Modern international affairs are considerably aggravated these days, not only due to the permanent Russian-American feud and the intractable North Korea-US confrontation, but also fundamental issues affecting the prospects for the entire world order. These struggles, in fact, split the world into two camps. Some countries are more than willing to please, by all means, the United States in its desire to individually rule the world (these so-called allies behave more like vassals than equal partners). Others, to the best of their abilities, are trying to resist this dangerous and destabilizing process. Meanwhile, as world practice shows, in essence there is no "third option."

Each country will somehow make its own decision and choose with whom, and in what format, to continue its own existence. The current global confrontation is not between different ideologies or economic systems; it is rather between deep and absolutely alien visions of our future, and not between Washington and Moscow, or any specific irreconcilable individuals. And that makes the current situation, in my view, much more intriguing and complicated. Theoretically, all the major countries that are extremely irritated (if not to use a stronger word) by American foreign policy are already sort of united and have formed their own "group of interests."

Building Brics

Back in 2010, a group of strong emerging economies created a very specific and unusual organization, in many ways much more mythical than really operational. They called themselves the Brics: Brazil, Russia, India, China and South Africa. This union remains informal, in many ways is nonoperational, and pretends to declare in words something that it still cannot realize in practice. Each of these countries has its own ego and interests. And these interests are supposed to be radically different from those of the West, primarily from the United States. The main idea of the Brics formation, in fact, was more to try to teach a lesson (or another "mother of Kuzma" the late Russian leader Nikita Khrushchev attempted in the 1960s at the United Nations with his threats against US hegemony) than to establish any new "non-American" world order. And the issue of demonstration of external independence and sovereignty prevails in the political calculations of the five Brics nations versus pragmatic assessments of what they are really able to do with this "other world" outside the West.

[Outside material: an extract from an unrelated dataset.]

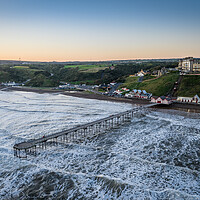 Buy canvas prints of Saltburn Pier Kissed By The Waves by Apollo Aerial Photography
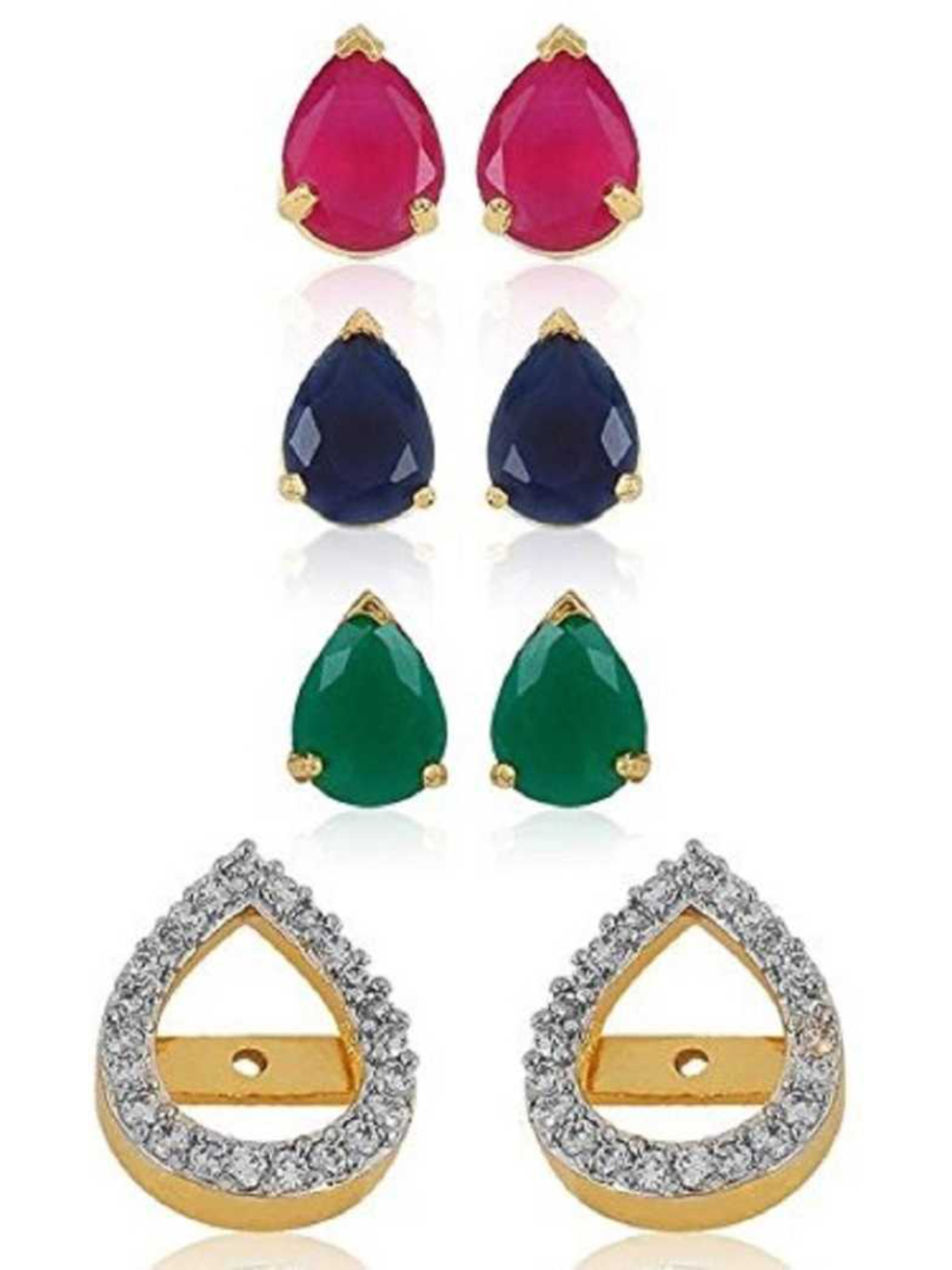 YouBella Multi-Color 6 in 1 Interchangeable Water Drop Shaped Earrings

Meanwhile, one very serious problem has emerged. All these "sovereign" and "absolutely independent" countries somehow, in one way or another, are not even thinking about their existence beyond the United States and the rest of the West. As a result, instead of actively enhancing and developing interaction among themselves within the Brics format, they are trying on a daily basis to do everything possible to strengthen relations with this supposed opposite side. And the Brics organization itself, unlike, for example, the Shanghai Cooperation Organization, does not even have its own secretariat headquarters and only gathers once a year for a friendly but ineffective summit dominated by photo opportunities among the leaders of its member countries.